ÖBB: Upper Austria Rails under 2,500 Passengers May Become Buses

ÖBB: Upper Austria Rails under 2,500 Passengers May Become Buses

APA/BARBARA GINDL

The ÖBB’s considerations to convert certain regional rail lines to bus services have caused uproar in Upper Austria. Specifically affected are the Hausruckbahn, the Almtalbahn and the northern section of the Mühlkreisbahn. With fewer than about 2,500 passengers per day, rail is deemed economically unjustifiable, argue the federal railways—while the three lines often fall well below that threshold, as Franz Hammerschmid, head of strategic planning at ÖBB, calculates.

Because the ÖBB must also contribute to the federal budget consolidation, roughly 10 percent of expenditures in the new ÖBB framework plan through 2030 have been sacrificed to the current austerity drive.
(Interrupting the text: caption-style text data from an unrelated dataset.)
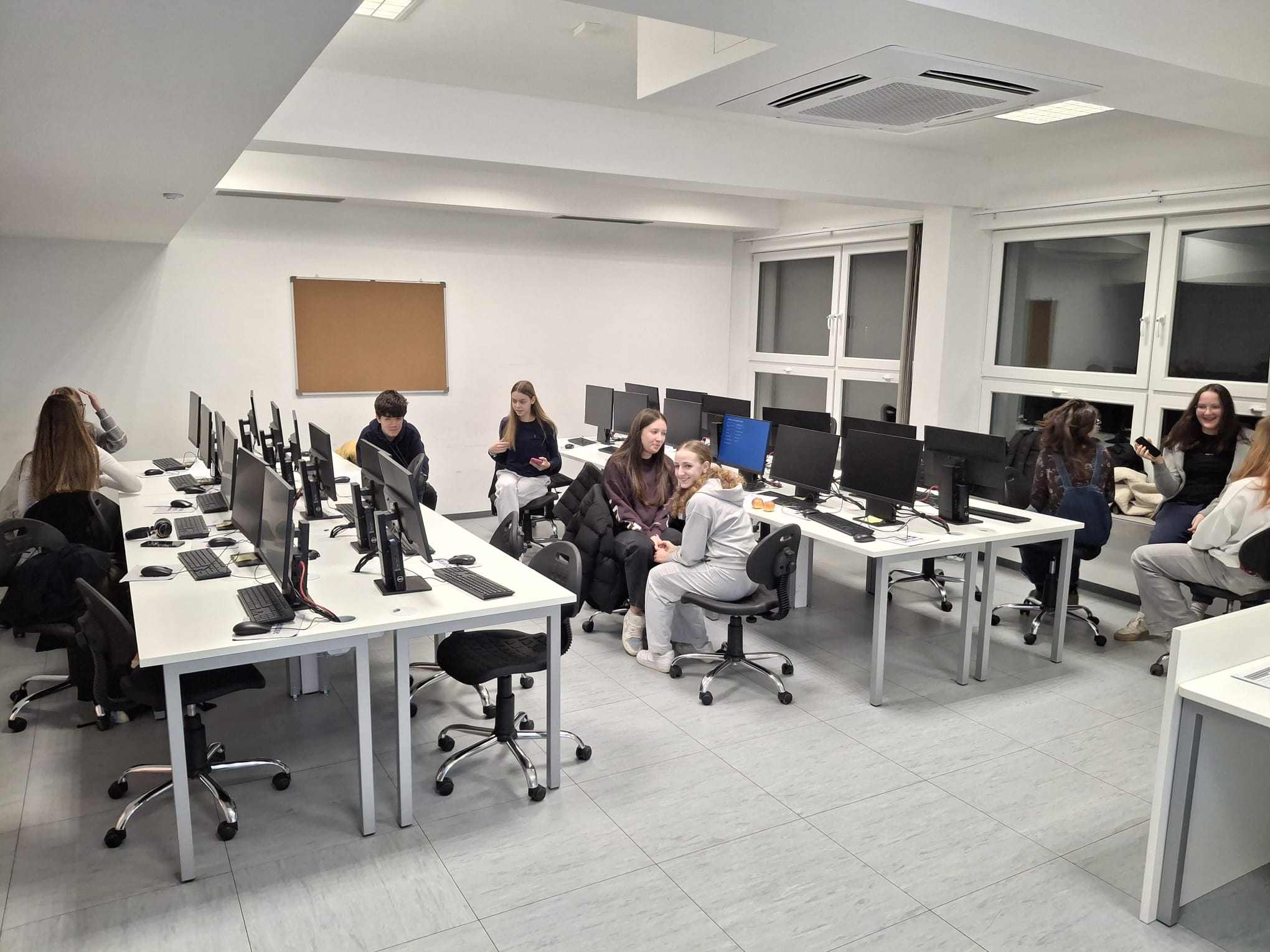 DAN SIGURNIJEG INTERNETA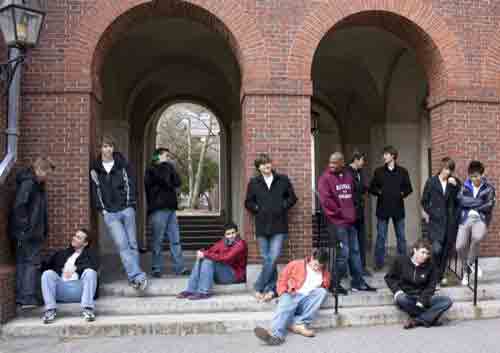 美貌智慧并重 哈佛美男評選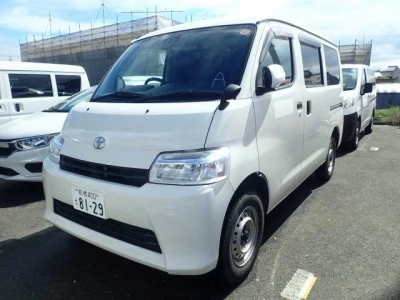 TOYOTA TOWN ACE VAN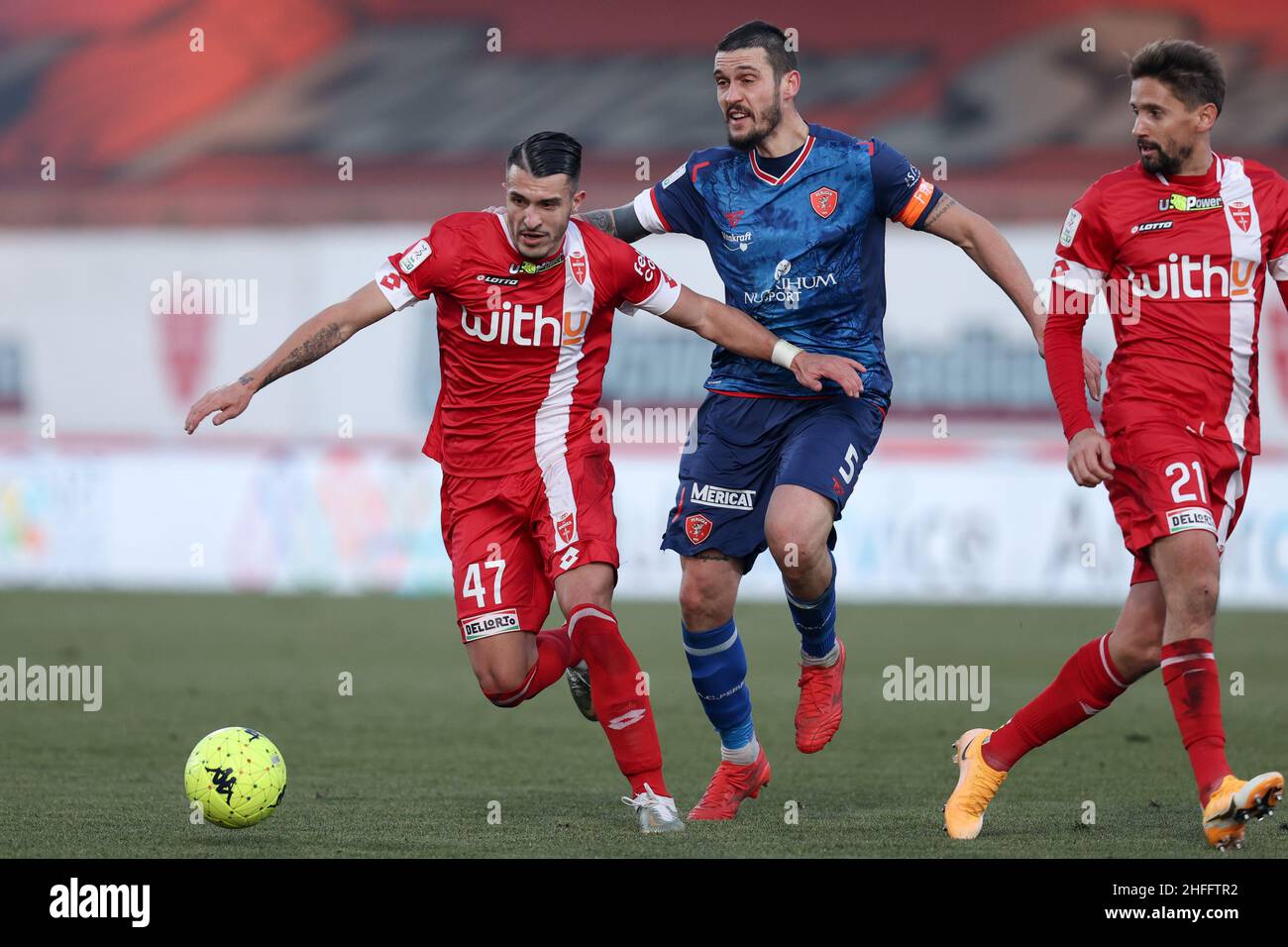 Dany Mota (AC Monza) is challenged by Gabriele Angella (AC Perugia Calcio  1905) during AC Monza vs AC Perugia, Italian soccer Serie B match in Monza  (MB), Italy, January 16 2022 Stock Photo - Alamy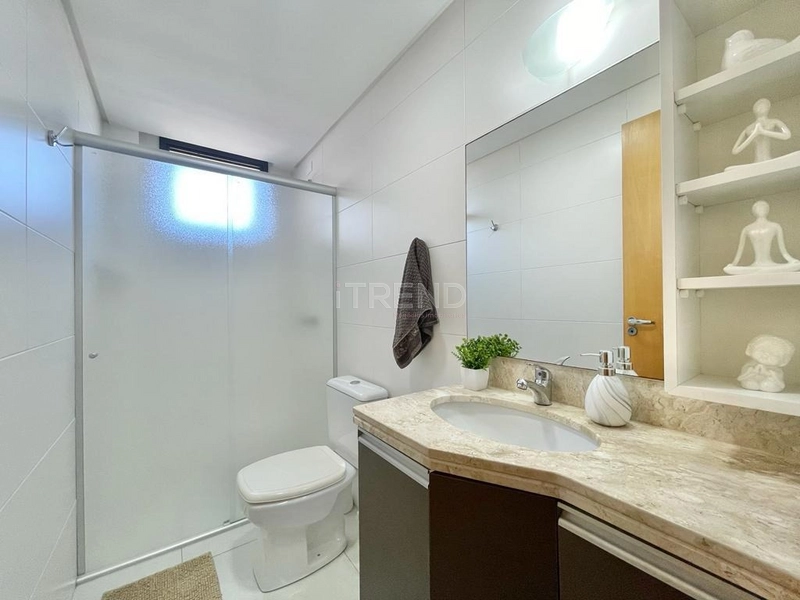 No Centro, andar alto, mobiliado e decorado: 20ª foto da galeria de imagens do imóvel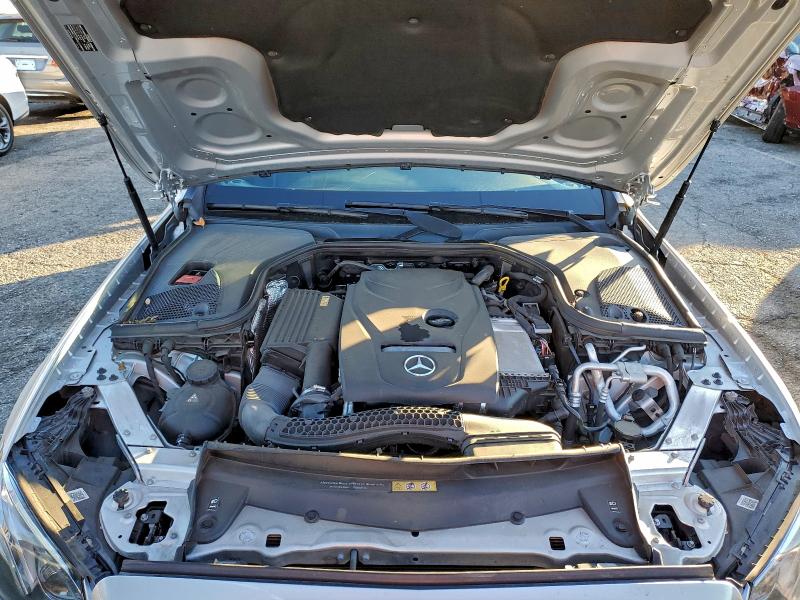 Photo 11 from auction – 2017 MERCEDES-BENZ E 300 with VIN WDDZF4JB2HA058894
Instead of the originally planned € 21.9 billion, only € 19.7 billion is now available for nationwide rail expansion from 2025 to 2030. This means some projects will be postponed or called into question. In Upper Austria, this concerns the northern part of the Mühlkreisbahn, the Almtalbahn and the Hausruckbahn. The proposal does not call for a complete elimination of public transport, but rather a shift to buses, whose operation would then fall under the purview of the state or the Upper Austria Transport Association instead of the ÖBB.
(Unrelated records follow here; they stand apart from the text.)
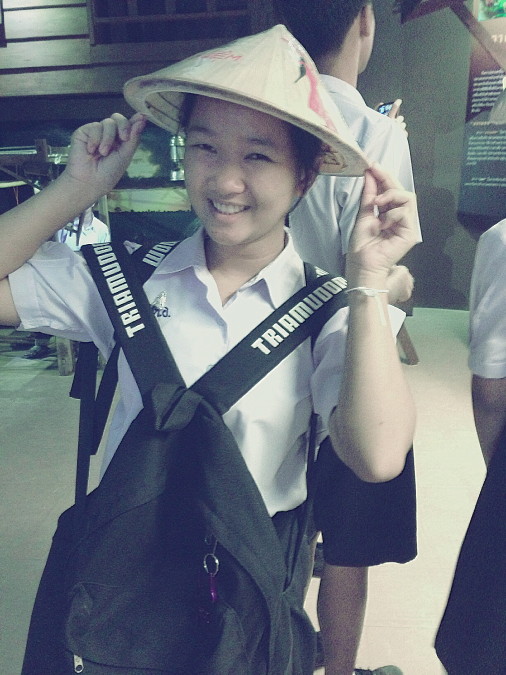 Faii Khemupsorn, 29, Sawang Daen Din, Thailand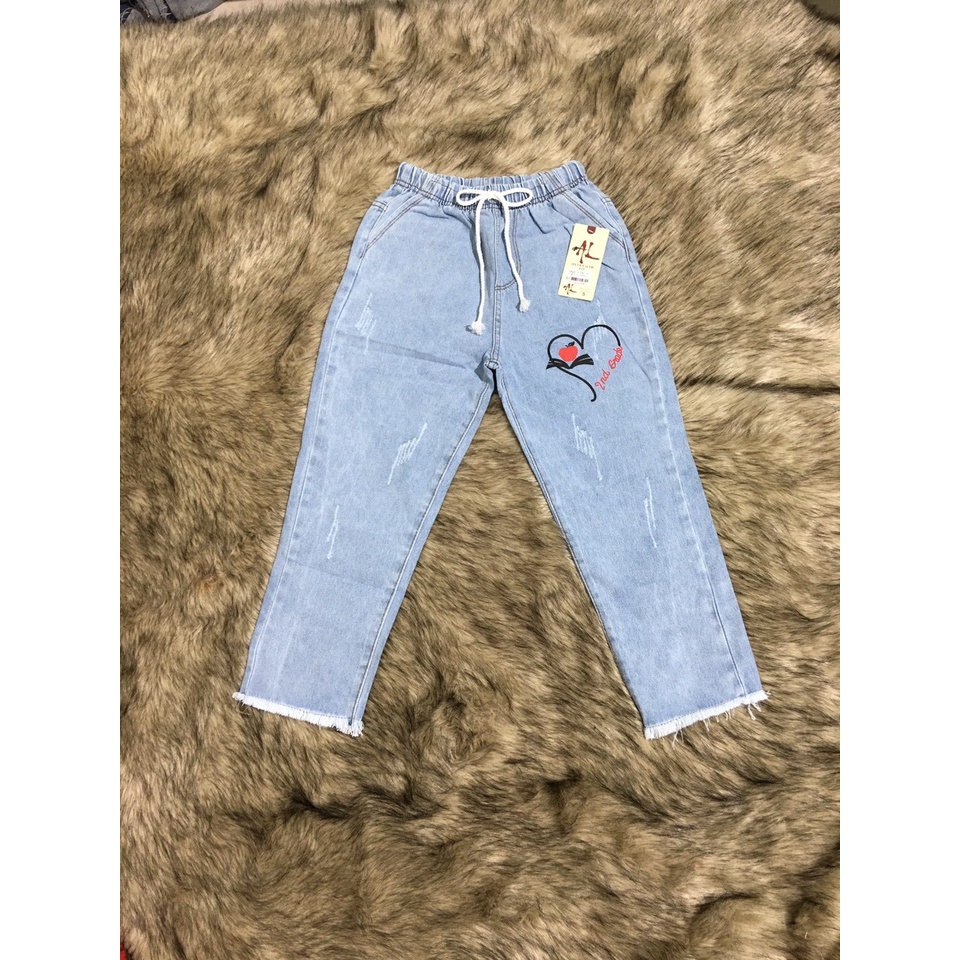 Quần Jeans Baggy Lỡ Cào In Trái Tim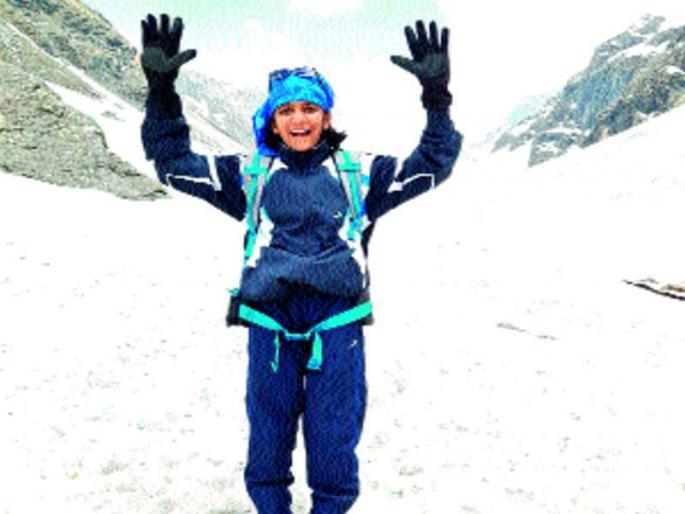 Amitapatra summit sar from Sangli's upper Patiala | सांगलीच्या लेकीनं करुन दाखवलं, ऊर्वी पाटीलकडून हिमालयातील हमतापास शिखर सर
Very Low Passenger Numbers on Northeastern Mühlkreis Section

On the Mühlkreisbahn, it is the northern section from Aigen-Schlägl to Rottenegg that is under review, where just 375 passengers travel daily on an hourly or bi-hourly schedule. Projections for the next 15 to 20 years estimate a potential rise to about 600 passengers per day. The Hausruckbahn between Attnang-Puchheim and Schärding currently serves 1,200 passengers per day, with forecasts rising to 1,900, while the Almtalbahn from Wels to Grünau handles 1,500 daily riders, projected to reach 1,950.

By contrast, urban lines dominate: Vienna’s core line sees 250,000 to 300,000 passengers daily with minute-interval service. Other Upper Austrian regional lines such as the Mattigtalbahn or Innkreisbahn carry 5,000–7,000 daily passengers—far above the three lines under evaluation. Even Lower Austrian regional lines handle between 4,000 and 7,000 passengers. Franz Hammerschmid places the “economic viability threshold” for a regional rail line at roughly 2,000–2,500 passengers per day.
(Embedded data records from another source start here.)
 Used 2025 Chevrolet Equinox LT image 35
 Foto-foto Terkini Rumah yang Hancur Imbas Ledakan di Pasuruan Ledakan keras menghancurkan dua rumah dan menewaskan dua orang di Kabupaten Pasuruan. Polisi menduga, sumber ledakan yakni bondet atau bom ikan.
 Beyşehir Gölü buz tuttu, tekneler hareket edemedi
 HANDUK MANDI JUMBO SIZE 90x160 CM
Bus Faster than Train from Northern Mühlviertel to Linz

Hammerschmid argues that running buses on the Almtal, Hausruck and northern Mühlkreis routes could be more sensible, and the ÖBB plan to discuss this with the state of Upper Austria. State Transport Councillor Günther Steinkellner (FPÖ) decried it as a “frontal attack on the mobility needs of tens of thousands of people who rely daily on these rail lines,” warning it would undermine the Linz regional tram project whose backbone is the Mühlkreisbahn.

The ÖBB emphasize nuance: “We never questioned the southern section of the Mühlkreisbahn between Rottenegg and Linz,” stresses Hammerschmid. And given the low ridership on the Aigen-Schlägl–Rottenegg segment, buses could suffice—especially since the state already provides “extremely dense bus service toward Linz” that commuters use extensively. Indeed, a bus from northern Mühlviertel to Linz can be 30 minutes faster than the train. Shifting 600 commuters to buses “means ten more buses,” notes Hammerschmid.